At this point I’ve done a broad survey of the bulk of the island–there’s a lot of stuff I certainly haven’t found, and I’ve only really seen the surface of most of it, but I’ve been, at some point, on every corner of the map, even if there’s only about a quarter of the game I’m able to navigate without trouble. What keeps striking me is I’m just on the first *chapter*.  There’s a lot to see and do in this game, and not all of it consists of doing quests–again, it’s the kind of game that’s rewarding just to poke around in.

–My save–which I’m going to get to as soon as I finish typing this post and will play until it’s time to go to work, I love this fucking game–has me in the middle of an area I have never been to in the middle of the night. Night is scary–or, rather, it’s more threatening than the rest of the game is, and the rest of the game is pretty threatening. While I wouldn’t say Gothic ever becomes a horror game, the sense of vulnerability never quite goes away. The game is like Dark Souls–I’m sorry, I’m sorry!–in that even beginning-of-game enemies can kill you at any point if you’re being too cocky. ANd while Dark Souls has much better creature design, there’s something hilarious about how my Gothic II character ran, panicked, from two chickens–who never fucking give up pursuing and who run fast–and accidentally pulled aggro from two boars, only to run headfirst into a lizard who killed him instantly. Props to the sound department, too: Each enemy has its own cry, and usually–there are a ton of trees–you end up hearing them long before you see them, and so it’s one of those games where the second you hear an animal howling at you, you either relax, though not completely, and maneuver into a position where you can be at the advantage, or you realize there’s two of them and you can’t take on two of them, or it’s something you’ve never heard before and you just run the fuck away.

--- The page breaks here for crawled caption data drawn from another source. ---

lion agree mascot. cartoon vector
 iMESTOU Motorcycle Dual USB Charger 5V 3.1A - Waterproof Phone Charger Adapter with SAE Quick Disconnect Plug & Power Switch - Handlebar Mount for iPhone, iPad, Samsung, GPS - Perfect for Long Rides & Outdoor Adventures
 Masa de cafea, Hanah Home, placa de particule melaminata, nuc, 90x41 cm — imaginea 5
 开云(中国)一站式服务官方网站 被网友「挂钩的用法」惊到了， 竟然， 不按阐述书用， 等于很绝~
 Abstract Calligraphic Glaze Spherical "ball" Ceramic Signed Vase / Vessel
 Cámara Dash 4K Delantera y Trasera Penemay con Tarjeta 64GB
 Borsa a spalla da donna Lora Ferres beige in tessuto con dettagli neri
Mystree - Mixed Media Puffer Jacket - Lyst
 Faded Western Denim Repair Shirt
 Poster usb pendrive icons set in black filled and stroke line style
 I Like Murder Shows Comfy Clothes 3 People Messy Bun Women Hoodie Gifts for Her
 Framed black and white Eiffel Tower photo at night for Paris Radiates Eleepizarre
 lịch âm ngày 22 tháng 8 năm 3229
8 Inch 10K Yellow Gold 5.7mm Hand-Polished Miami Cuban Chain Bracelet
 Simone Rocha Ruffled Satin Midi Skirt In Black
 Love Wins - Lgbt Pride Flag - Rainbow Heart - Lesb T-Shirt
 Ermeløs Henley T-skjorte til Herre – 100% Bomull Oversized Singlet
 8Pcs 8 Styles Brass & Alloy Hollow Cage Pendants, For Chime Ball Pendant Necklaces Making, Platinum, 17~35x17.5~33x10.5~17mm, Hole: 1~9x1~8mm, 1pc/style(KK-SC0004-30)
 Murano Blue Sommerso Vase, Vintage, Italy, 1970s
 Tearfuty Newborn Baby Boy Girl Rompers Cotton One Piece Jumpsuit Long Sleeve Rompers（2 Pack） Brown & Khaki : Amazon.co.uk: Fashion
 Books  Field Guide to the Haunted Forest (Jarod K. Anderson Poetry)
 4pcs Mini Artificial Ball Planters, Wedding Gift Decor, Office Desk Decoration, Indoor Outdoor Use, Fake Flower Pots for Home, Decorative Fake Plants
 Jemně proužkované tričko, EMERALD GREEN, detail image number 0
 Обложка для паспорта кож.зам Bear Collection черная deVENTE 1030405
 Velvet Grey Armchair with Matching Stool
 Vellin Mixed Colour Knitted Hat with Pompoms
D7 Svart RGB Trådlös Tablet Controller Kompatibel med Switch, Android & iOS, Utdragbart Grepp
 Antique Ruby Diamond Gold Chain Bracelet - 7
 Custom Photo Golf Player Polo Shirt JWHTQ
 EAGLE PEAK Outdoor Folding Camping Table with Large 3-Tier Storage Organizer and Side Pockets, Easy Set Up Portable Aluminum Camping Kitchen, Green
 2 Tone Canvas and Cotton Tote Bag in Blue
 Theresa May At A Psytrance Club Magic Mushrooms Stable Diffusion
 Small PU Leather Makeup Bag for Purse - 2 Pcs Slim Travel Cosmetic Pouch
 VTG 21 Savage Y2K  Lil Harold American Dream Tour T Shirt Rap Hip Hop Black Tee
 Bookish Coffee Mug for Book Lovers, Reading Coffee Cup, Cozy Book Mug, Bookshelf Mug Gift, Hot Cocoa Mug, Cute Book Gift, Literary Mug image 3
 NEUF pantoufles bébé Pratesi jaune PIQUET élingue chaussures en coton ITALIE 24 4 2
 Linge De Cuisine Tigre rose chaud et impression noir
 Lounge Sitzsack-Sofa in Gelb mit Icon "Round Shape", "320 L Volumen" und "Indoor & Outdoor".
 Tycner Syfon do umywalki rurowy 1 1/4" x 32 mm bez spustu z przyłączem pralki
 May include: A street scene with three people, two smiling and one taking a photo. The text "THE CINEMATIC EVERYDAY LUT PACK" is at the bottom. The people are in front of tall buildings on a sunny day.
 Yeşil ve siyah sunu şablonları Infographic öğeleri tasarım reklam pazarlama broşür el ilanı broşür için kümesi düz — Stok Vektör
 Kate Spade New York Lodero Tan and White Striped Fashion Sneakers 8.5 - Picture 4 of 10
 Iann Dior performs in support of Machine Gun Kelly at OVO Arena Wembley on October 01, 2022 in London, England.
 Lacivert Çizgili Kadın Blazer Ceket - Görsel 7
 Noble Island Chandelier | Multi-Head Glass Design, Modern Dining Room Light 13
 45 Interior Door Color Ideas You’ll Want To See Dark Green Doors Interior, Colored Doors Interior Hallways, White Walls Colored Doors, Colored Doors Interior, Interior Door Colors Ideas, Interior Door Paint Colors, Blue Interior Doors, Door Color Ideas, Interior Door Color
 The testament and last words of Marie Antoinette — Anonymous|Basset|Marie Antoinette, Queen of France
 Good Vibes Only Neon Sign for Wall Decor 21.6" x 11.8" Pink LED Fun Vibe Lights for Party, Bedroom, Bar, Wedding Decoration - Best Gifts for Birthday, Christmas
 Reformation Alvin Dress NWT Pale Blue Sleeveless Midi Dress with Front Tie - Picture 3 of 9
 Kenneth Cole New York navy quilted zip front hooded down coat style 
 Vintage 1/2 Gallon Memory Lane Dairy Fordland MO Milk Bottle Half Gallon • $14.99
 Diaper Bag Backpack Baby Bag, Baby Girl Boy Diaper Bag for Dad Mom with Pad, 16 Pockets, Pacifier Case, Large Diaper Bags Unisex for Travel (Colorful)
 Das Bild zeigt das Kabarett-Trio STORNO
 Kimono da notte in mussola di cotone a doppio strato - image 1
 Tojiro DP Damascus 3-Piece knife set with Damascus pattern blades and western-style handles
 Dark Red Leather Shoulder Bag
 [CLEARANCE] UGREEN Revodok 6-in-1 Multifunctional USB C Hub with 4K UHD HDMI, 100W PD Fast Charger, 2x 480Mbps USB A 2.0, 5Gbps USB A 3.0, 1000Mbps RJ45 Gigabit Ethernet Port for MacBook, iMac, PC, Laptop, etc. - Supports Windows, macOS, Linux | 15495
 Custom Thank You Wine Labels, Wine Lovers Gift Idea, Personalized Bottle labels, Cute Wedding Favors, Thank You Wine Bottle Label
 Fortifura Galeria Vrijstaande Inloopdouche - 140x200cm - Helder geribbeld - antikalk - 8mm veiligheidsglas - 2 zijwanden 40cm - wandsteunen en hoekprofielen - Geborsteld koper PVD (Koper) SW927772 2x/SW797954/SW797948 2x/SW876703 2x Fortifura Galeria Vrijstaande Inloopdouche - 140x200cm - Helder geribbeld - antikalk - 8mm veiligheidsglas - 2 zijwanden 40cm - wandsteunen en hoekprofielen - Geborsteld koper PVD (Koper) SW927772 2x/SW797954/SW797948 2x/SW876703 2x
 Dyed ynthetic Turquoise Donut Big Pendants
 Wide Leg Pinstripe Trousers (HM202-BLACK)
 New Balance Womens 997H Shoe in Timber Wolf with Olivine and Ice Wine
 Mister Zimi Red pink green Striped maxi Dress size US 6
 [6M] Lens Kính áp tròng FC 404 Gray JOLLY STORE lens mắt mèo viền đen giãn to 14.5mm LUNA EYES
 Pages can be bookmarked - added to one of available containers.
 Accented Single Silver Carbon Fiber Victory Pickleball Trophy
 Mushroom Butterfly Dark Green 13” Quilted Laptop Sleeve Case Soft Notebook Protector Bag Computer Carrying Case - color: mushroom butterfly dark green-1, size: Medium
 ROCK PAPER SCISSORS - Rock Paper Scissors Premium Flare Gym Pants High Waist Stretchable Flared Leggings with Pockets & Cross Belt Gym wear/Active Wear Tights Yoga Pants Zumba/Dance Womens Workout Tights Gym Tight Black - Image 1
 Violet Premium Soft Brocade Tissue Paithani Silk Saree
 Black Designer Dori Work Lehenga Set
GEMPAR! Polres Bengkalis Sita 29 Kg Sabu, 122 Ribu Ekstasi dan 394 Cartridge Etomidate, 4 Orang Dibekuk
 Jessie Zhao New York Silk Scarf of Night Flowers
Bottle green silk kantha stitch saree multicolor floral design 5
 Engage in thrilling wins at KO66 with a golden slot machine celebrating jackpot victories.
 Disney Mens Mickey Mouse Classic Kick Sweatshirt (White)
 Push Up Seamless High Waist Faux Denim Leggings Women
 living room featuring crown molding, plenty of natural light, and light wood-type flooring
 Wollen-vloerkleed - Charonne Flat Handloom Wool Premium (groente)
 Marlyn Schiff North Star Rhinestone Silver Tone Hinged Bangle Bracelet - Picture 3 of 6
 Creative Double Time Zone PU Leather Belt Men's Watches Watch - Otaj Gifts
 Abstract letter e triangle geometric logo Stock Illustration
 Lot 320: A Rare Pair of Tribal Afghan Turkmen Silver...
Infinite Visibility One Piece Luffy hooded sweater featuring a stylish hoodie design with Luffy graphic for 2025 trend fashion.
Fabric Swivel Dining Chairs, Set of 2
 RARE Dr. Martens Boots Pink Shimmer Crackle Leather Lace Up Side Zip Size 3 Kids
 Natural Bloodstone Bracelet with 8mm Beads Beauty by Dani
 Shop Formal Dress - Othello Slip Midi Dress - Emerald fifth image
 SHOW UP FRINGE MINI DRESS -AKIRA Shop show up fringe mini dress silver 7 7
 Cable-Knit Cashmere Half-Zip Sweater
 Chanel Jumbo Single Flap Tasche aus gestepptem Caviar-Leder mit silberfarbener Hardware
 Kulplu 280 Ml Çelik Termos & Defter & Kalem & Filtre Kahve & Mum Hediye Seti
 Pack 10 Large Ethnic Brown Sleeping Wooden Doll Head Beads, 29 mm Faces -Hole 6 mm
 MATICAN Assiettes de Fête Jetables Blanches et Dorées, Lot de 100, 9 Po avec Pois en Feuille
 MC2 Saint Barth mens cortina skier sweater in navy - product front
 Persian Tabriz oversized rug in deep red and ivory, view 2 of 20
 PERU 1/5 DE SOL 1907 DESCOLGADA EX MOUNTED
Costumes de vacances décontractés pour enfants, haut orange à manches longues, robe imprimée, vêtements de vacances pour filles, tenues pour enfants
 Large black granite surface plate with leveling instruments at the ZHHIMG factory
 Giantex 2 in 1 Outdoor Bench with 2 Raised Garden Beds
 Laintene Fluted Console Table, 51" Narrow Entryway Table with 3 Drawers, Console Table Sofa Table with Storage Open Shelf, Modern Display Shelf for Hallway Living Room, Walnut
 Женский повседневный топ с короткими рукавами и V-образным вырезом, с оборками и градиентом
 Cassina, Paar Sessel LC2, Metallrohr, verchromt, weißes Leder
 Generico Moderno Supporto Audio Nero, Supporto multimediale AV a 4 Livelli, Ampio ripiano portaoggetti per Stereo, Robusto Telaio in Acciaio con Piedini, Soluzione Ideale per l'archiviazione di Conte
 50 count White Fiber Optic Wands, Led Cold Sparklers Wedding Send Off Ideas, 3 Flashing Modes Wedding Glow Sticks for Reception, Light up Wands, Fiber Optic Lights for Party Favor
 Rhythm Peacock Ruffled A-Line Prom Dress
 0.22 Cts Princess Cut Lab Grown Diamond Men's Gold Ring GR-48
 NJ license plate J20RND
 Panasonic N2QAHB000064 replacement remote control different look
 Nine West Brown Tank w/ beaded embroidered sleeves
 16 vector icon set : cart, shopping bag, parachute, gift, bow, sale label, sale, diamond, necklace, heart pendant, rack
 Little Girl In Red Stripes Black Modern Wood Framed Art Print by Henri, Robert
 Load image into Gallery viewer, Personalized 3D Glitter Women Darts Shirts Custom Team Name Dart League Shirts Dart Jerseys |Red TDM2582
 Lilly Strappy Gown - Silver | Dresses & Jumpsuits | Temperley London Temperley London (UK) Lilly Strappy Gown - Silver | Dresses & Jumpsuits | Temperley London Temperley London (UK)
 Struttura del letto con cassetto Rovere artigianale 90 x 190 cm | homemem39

60 – Gothic II, Daemonica, Always Sometimes Monsters

–I’m absolutely in love, for some reason, with Gothic II’s inclusion of a creature called a meatbug, which, when killed, gives 10 XP and an item called Bug Meat, which refreshes 10 HP. With regard to food in general, most creatures–from wolves to rats to chickenlike beings–can be harvested for a generic meat item which refills 6HP; if you get a frying pan, you can cook the meat into an item called Fried Meat which refills 12. There’s no hunger or fullness meters of any kind, and so there’s the wonderful situation of chowing down on five or six fried rat parts after every battle.

And you know, I could not be happier about this shit because I don’t really like when a fantasy videogame becomes too realistic. Some games can make really interesting systems out of stamina bars and hunger meters and weight limits and all of that, but I like that Gothic II is, mechanically, a relatively simple game. There aren’t very many skills or special attacks, there aren’t piles of statistics, and you don’t have that much equipment. A melee weapon, a ranged weapon, and a couple of spells or spell scrolls (and since I’m not playing a magic character I’m only using spells as high-damage fallbacks), a complete set of armor, and a trinket. At this point I think I’ve learned nearly every single one of the game’s verbs, and while there’s room for them to develop (right now, for example, I can only skin furred animals but other characters have assured me I”ll eventually learn to extract claws and remove wings and all of that), I’m admiring the way they’re balanced against each other.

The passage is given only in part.